7.7.08

Bosque


(Publicado en El Siglo de Torreón el 6 de julio de 2008. Versión original aqui.
No sé, pero estar aquí, en este bosque azul y amarillo, de infinitos arboles, me hace recordar cosas, me pone a respirar distinto. Así me ocurre en algunas ocasiones… en las que estoy tranquilo, pensando otras cosas, distraído en la cotidianidad y, de pronto, como si fuera un soplido, veo que otra respiración comienza a inundarme, otro estar, catalizado todo por la naturaleza, la inundación de los duendes, algo muy íntimo y –creo—inexplicable, que empieza a invadirme, y ya no soy yo, y me quedo quieto respirando por minutos. Es algo así como cuando te vez las palmas de las manos, y empiezas a ver sus rayas, sus huellas, sus venas azuladas, no sé..., las manos parecen entonces no ser tuyas, ser ajenas, o no haber sido vistas desde hace mucho tiempo.
Me gusta pensar que todo ese estado vivencial se debe sólo al entorno, a la soledad en que me encuentro y a la disposición de respirar hondo, de tratar de sentir; o que probablemente se debe a cualquier otra cosa y que sólo son juegos de la mente, casi nada, salvo un químico más del cerebro que sin avisar se desparramó de pronto. Pero no sé. Tal vez en realidad las razones carecen de importancia, y más bien aquí ahora solitario, en la humedad del bosque, y valle abajo unos pastizales, la carretera incluso con su lejano zumbido, la confluencia de los mundos.
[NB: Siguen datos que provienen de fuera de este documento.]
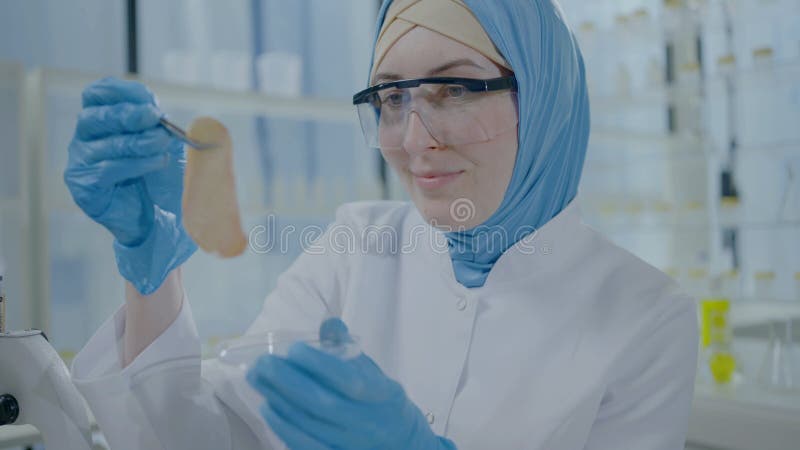 Retrato de una científica musulmana positiva con hijab y abrigo blanco que contiene una muestra de carne artificial con placa de p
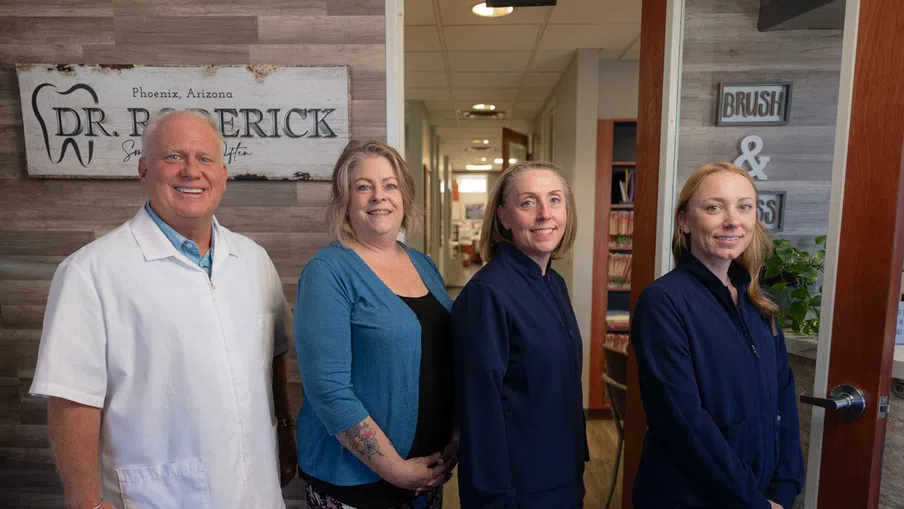 Team photo of four dental professionals standing inside a clinic with a wooden accent wall and sign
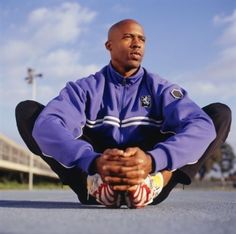 a man sitting on the ground with his hands in his pockets and wearing a blue jacket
Antes veníamos juntos al bosque pero ese tiempo se ha borrado ya para siempre. Lentos subíamos y nos perdíamos por allá, más atrás del musgo y de los arroyuelos, y caminábamos al peñasco donde viéndonos las manos frotábamos lentamente nuestras caras al viento. Entonces las húmedas hojas eran nuestro aposento y refugio pero…, después de todo, había silencios, silencios incómodos que desde entonces anunciaban los presagios de un tiempo ya borrado ya para siempre. Nos dejamos de ver, inexplicablemente; eso fue ya hace algunos años.
Desde entonces regreso esporádico al parque azul y amarillo, de infinitos arboles, y voy al peñasco y me siento allí, por la tarde, frente al viento. Me acuesto sobre la piedra fría y silbo silencioso y dejo que fluya el tiempo y que todo en armonía se quede inmóvil. Existen --en la cima de esa roca alta y filosa-- dos momentos íntimos y distintos y, frente a ellos, una masa de piedras redondas que me gusta arrojar al vacio.
Y me quedo por allí arriba el resto de la tarde, tal vez un sábado, y después regreso a la ciudad lentamente, tal vez apenas rozando con estas mis manos algunas espigas, y el auto, la calle, mi casa, el diario acontecer de nuevo, la diaria cotidianidad que espera pronto regresar al bosque.